• Novice
  • Aware
  • Competent

System reliability

It is important to understand the difference between part failure records and the probability of system or facility failures:

  • MTBF of the maintenance managed items (MMIs) or the "parts" (as derived from the CMMS).
  • Likely probability of failure of assets or parts that have no failure record (by experienced assessment and calculation).

These probabilities are then aggregated to provide a "systems probability of failure" by aggregation in "series" or "parallel".

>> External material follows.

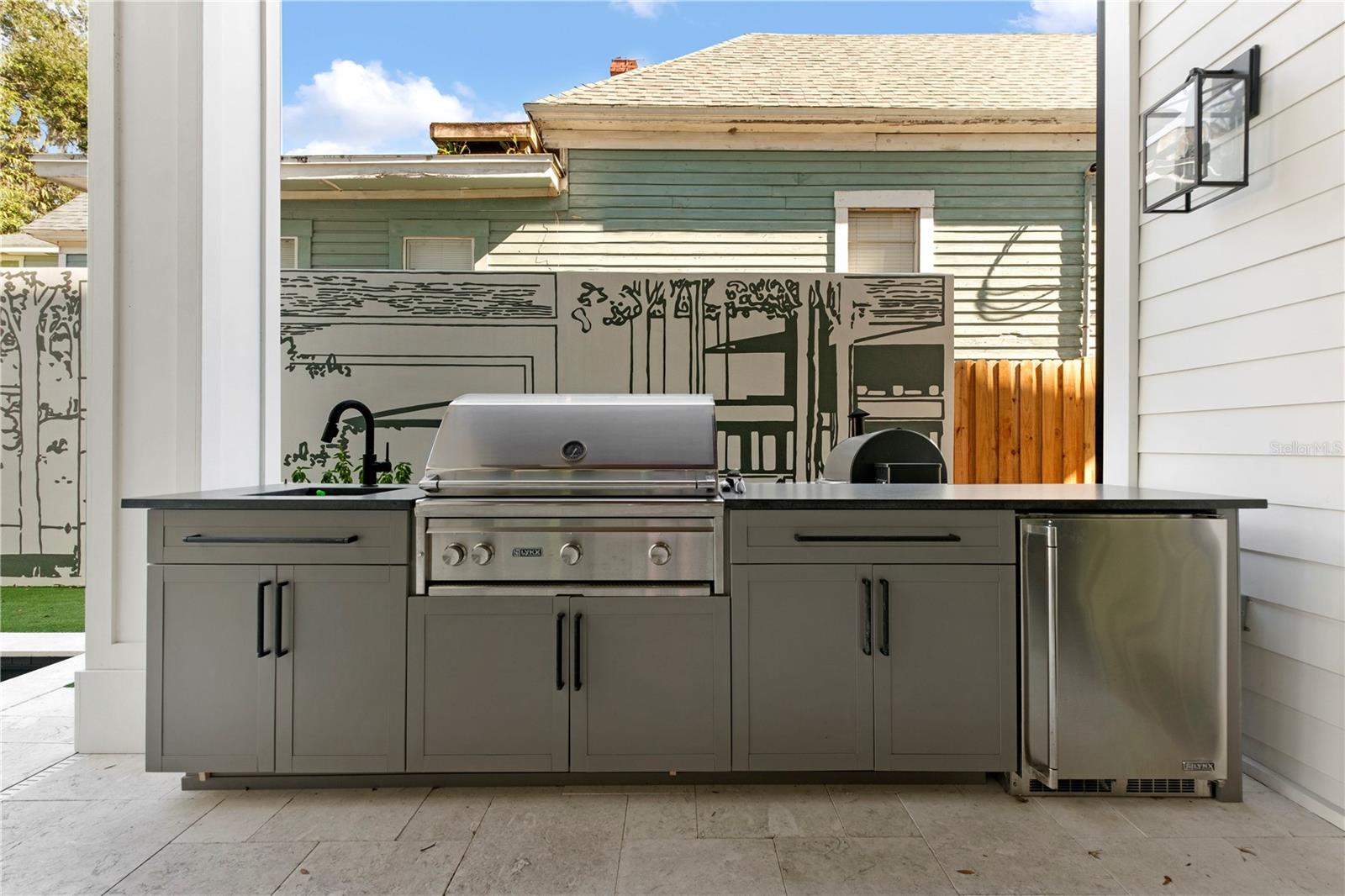 Image 58 of 62 For 319 Frances Avenue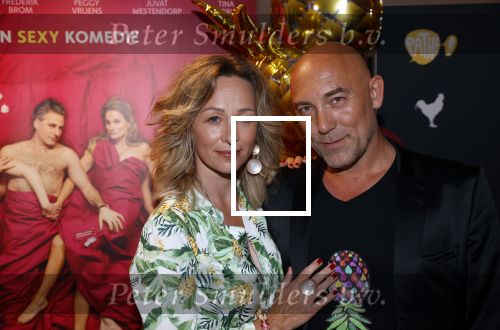 Utrecht 17 augustus 2021
Premiere Niks vreemds aan in Pathe Leidse Rijn. Loek Peters met zijn vrouw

It is important to note that these probabilities do not often equate to the actual "system failure" records. This is because of three factors:

  • The distribution of failure between identical parts (e.g. the second and third MTBF may not match the first)
  • The significantly enlarged distribution that is the result of the aggregated (system) failures (e.g. multiple probability distributions)
  • In many infrastructure systems, the number of part failures are small and an accurate MTBF is often difficult to derive.

Conclusion

Once we thoroughly understand the distribution of failure for individual parts, we can apply the system modeling techniques as discussed above.

Until we have this detailed data, we cannot aggregate up the current part failure histories or probabilities to derive an accurate system failure.

However, the aggregated parts probabilities do give us the best way to understand the current risk cost exposures of our system assets or facilities and this will enhance our management of the overall system risk.

That is, the actual (sub-system) risk cost exposure maybe less than as calculated, but the relativity between sub systems or facilities will be the same and therefore decisions with a high confidence level can be made on the data produced.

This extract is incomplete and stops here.